A type 2 report works in much the same way as type 1. The difference is that it is an actual assessment of a period of time under which the service organization was implementing its internal controls. It can be used to determine how effective the controls were and whether they meet the standards of your organization.
Why an SOC 1 Report is necessary
Due to the need for data security in today’s business world, the importance of SOC reporting cannot be overstated. Companies outsource critical business functions to third party vendors. From payroll processing and cloud services to SaaS providers, you will often deal with multiple vendors when managing your company’s assets. An SOC 1 report is important in ensuring that all vendors are implementing and enforcing relevant internal controls.
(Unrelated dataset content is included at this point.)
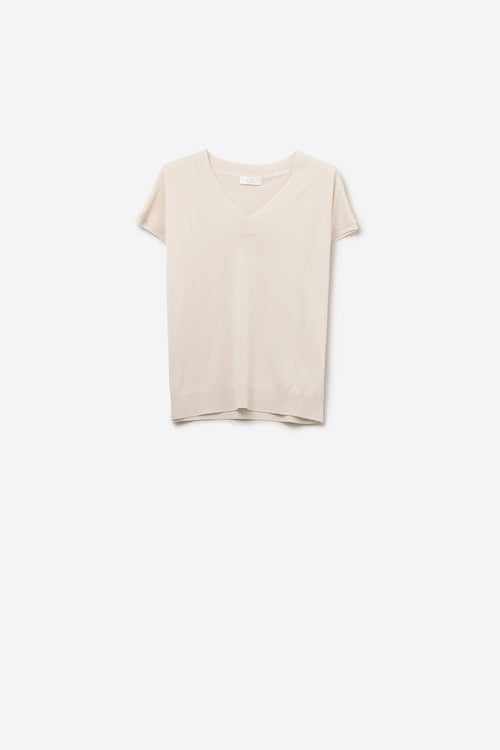 Q2 Beige lightweight knit V-neck sweater with short sleeves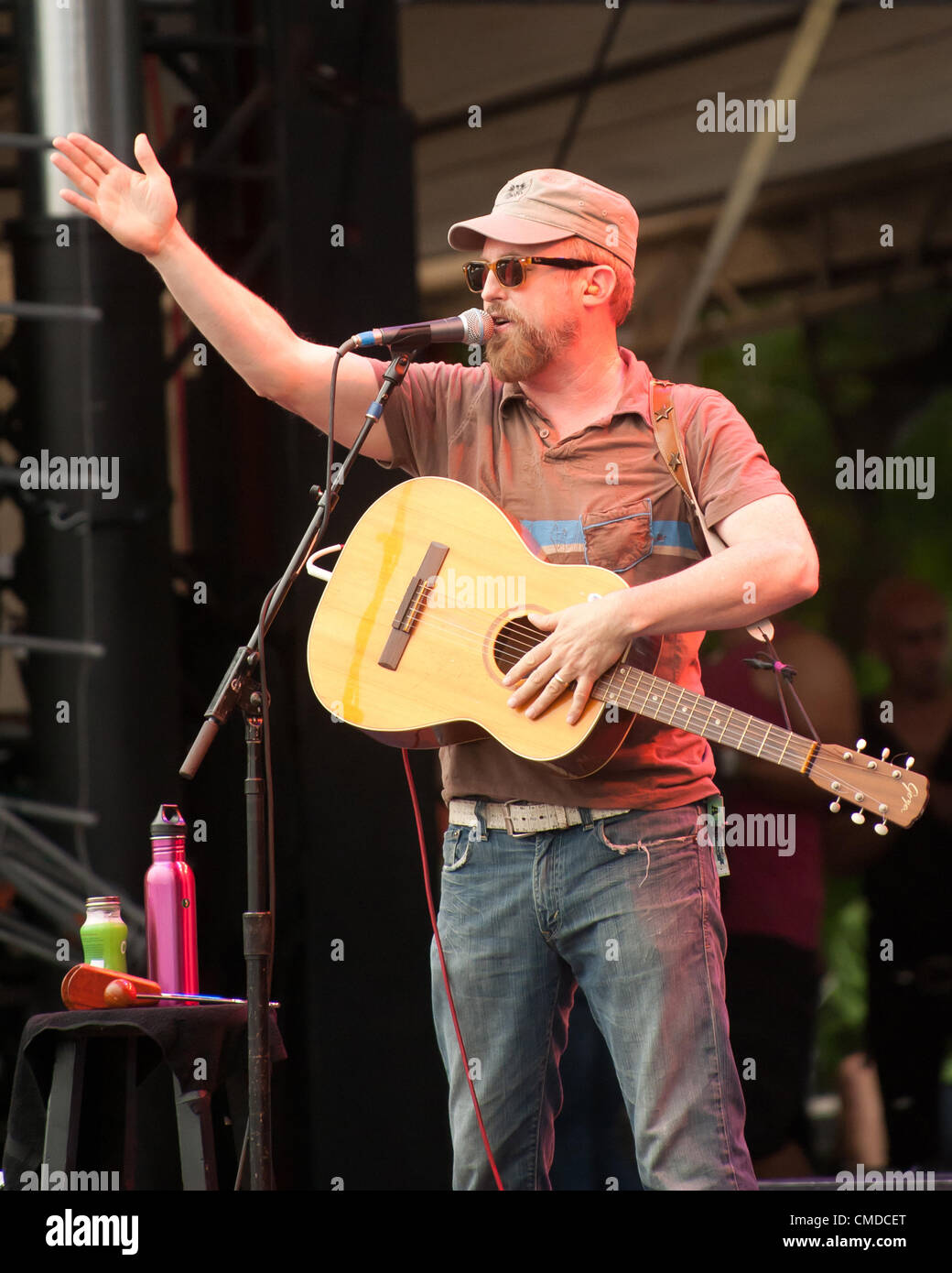 Rock Star / músico John McCrea del alt rock indie rock indy rock band torta  | Realización / tocando la guitarra y cantando en el exterior en verano  original Firefly Festival de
The reports can also serve as a risk assessment of your company’s data and help determine how vendors can affect your data security.
In most cases, you will collect SOC reports from all service organizations in order to prepare your financial reports for a particular quarter.
SOC vs Sarbanes-Oxley Reporting
While there are certain areas where SOC and Sarbanes-Oxley reporting overlap, they’re not exactly the same. Similarities do arise where they both relate to financial reporting. Sarbanes-Oxley primarily covers the internal controls of your company’s financial reporting and how investors can keep track of these controls before they make critical decisions.
On the other hand, an SOC report is primarily meant for your company to assess the controls implemented by third party vendors. In other words, companies that rely on services outsourced to various service organizations will use SOC 1 reports collected from various vendors to assess their internal controls. SOC 1 reporting also applies to sub-service organizations (organizations to whom you may outsource and they, in turn, outsource to yet another company).
Using Automated Solutions to Streamline SOC 1 Reporting
The reality is that outsourcing improves operational efficiency and reduces the cost of processes that you would otherwise have to carry out in-house. Therefore, asset managers will often have to collect, review, and manage reports from multiple vendors. This often results in large amounts of data that need to be securely stored and easily retrieved for review when necessary.
Automated solutions that are optimized for GRC reporting facilitate this process. They provide a single source from which audit information gathering can be carried out. Access to the information can also be limited based on roles, making it easier for relevant personnel to carry out their functions effectively.
GRC control software can streamline SOC 1 reporting, asset management, and risk mitigation. By providing a single source for data access, all relevant stakeholders can ensure that SOC-relevant data is appropriately managed.